UMass Boston Campus Blindsided

See no evil, hear no evil, speak no evil.

Those words seem to be guiding UMass System President Martin Meehan, as he tries to explain away the clandestine deal that the “Independent” UMass Amherst campus board of trustees approved with the bankrupt Mount Ida College. Meehan told the Boston Globe that the decision to purchase Mount Ida was made independently by the Amherst campus – and that the overall system would not “prevent UMass Amherst from developing a campus that they’ve worked hard at for years. If Boston wanted to acquire a parcel and had the capacity, they could do it as well,” he said.

That’s like a parent telling their recent college graduate, “you can certainly go to graduate school if you can pay for it yourself.” Duh. Thanks Mom and Dad, no kidding. Meehan’s statement was construed as a back-handed reference to the financial challenges of the UMass Boston campus. However, as many media outlets, news reporters, UMass Boston campus students and faculty, as well as elected officials are pointing out, the strategic plan for the Boston campus put forth by former Chancellor Keith Motley, was approved by the very system that has been blaming him for its own ignorance.

Stakeholders be damned!

This appears to be the attitude of the UMass Amherst hierarchy. Talk about pure arrogance. The adage, ‘ask for forgiveness and not permission’ doesn’t look to be a workable strategy at this point. Attempts to question the role of the leadership at Mount Ida College and its financial state of affairs notwithstanding, Governor Charlie Baker, AG Maura Healy, Representative Nick Collins, MA Higher Education Commissioner Carlos Santiago and others have admitted to being blindsided by this move. UMass and Mount Ida signed off on the deal last week, but the state Board of Higher Education has oversight of mergers and closures. Students across the campus believe that the Amherst is jealous of Boston’s growing reputation.

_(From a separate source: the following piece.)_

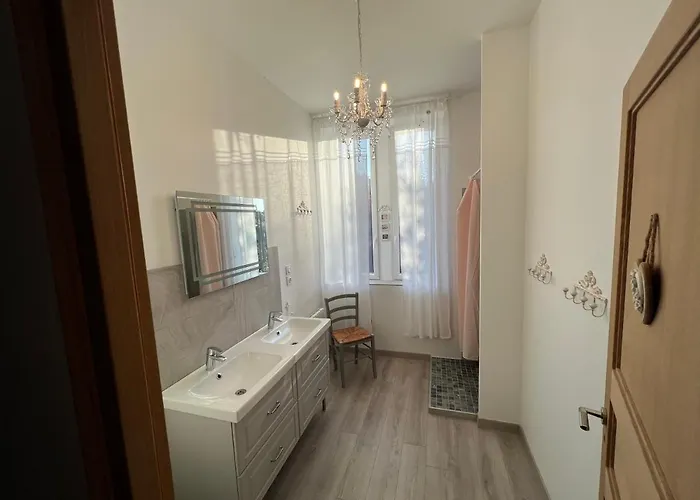 Bed and breakfast Château Ségot Neuilly-le-Réal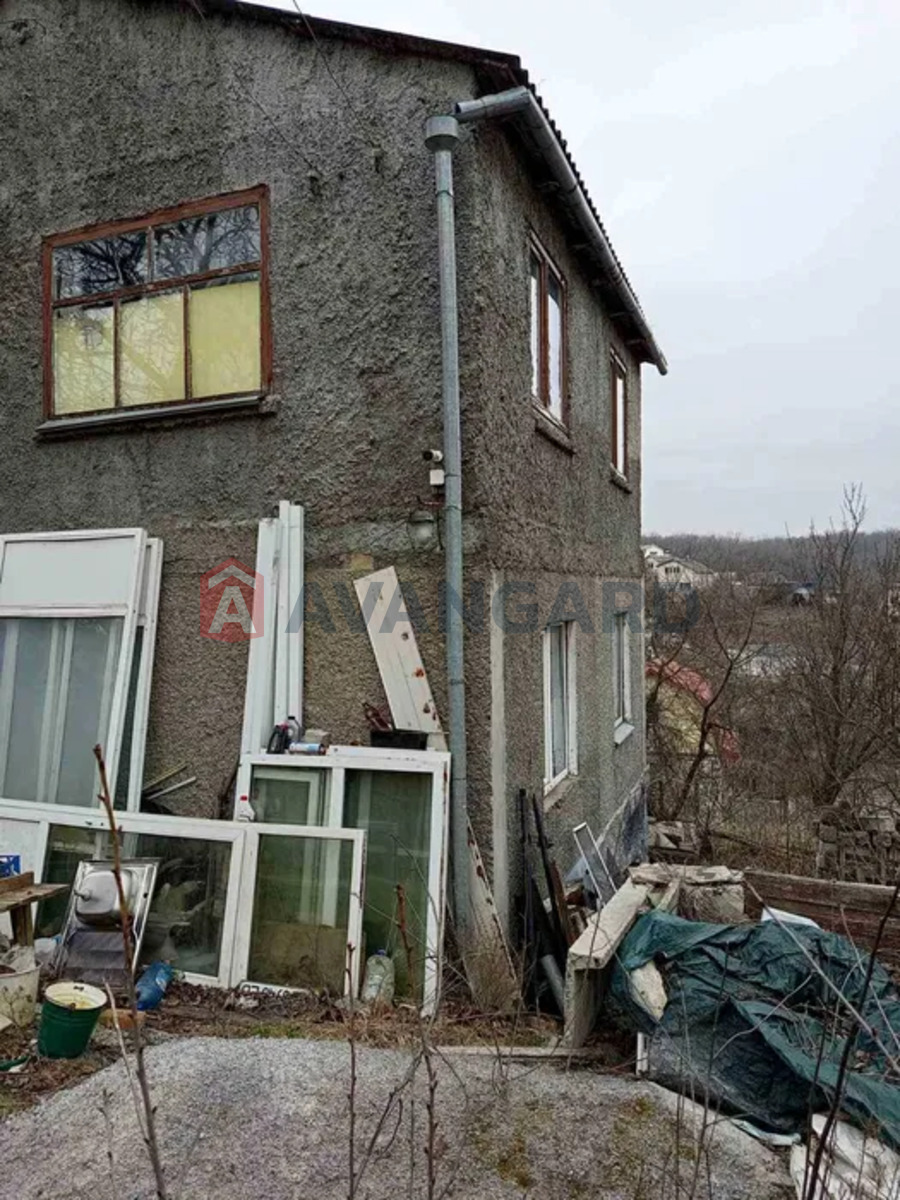 ���, 105 ��.�. ���� 2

Representative Collins has stated that he was very concerned about where UMB is on the list of priorities. Collins expects to speak with the UMass President Meehan soon, and let him know his frustration. Collins has stated, “UMass Boston is an incredible university in Dorchester, and a real lifeline to the city. This deal begs the question if we have our priorities straight. When you have a campus in crisis, that should be the top priority, not bailing out private institutions.”

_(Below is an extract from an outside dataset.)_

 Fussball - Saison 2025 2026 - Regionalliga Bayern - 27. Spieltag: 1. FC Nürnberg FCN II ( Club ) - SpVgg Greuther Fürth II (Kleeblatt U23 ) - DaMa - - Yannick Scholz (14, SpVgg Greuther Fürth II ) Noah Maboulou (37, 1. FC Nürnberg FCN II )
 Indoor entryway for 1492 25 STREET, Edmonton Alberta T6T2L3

The agreement, which was approved by the UMass board of trustees in a closed-door meeting last Friday, will allow some 1,000 UMass Amherst students to be housed on the Mount Ida site, which will be known as the Mount Ida Campus of UMass Amherst. In acquiring the 72-acre Newton campus, UMass will take on the private college’s debt, estimated to be in the $50 million to $75 million range.

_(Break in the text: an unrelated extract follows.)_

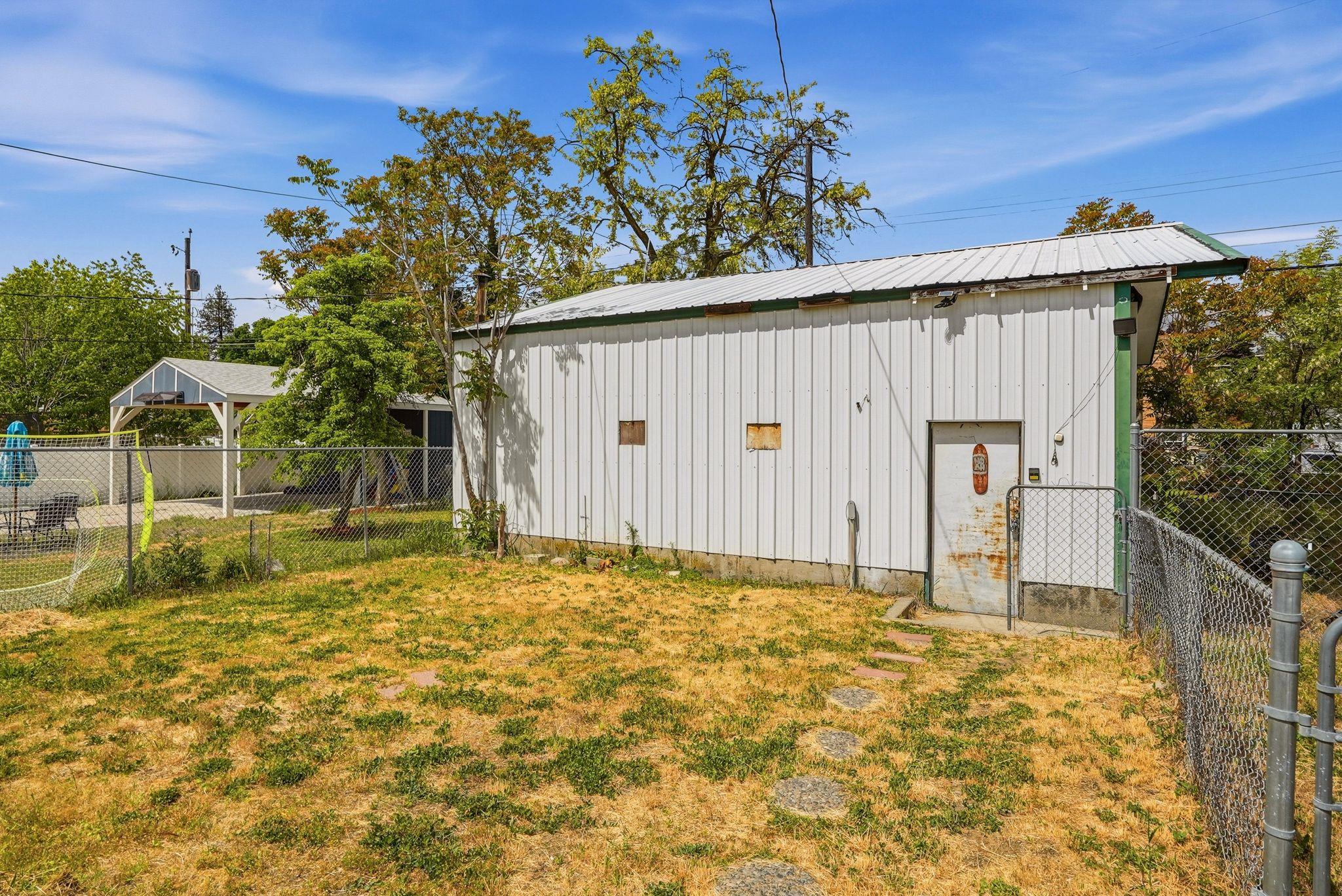 1402 W Euclid Ave - Photo 27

Massachusetts higher education officials are demanding information from Mount Ida College., especially the impact on students both currently attending and those who were accepted for the fall. Under the deal outlined by Mount Ida and UMass, Mount Ida students have been granted automatic admission to UMass Dartmouth, a campus about an hour away from Newton. Many students will not be eligible to enroll at UMass given that many admissions periods closed and the May 1 deadline for students to accept offers of admission at institutions of higher education fast approaching, it is likely that many of those admitted to Mt. Ida will be left without an option for continuing their education in the fall. This according to Patricia Marshall, deputy commissioner of education for student affairs.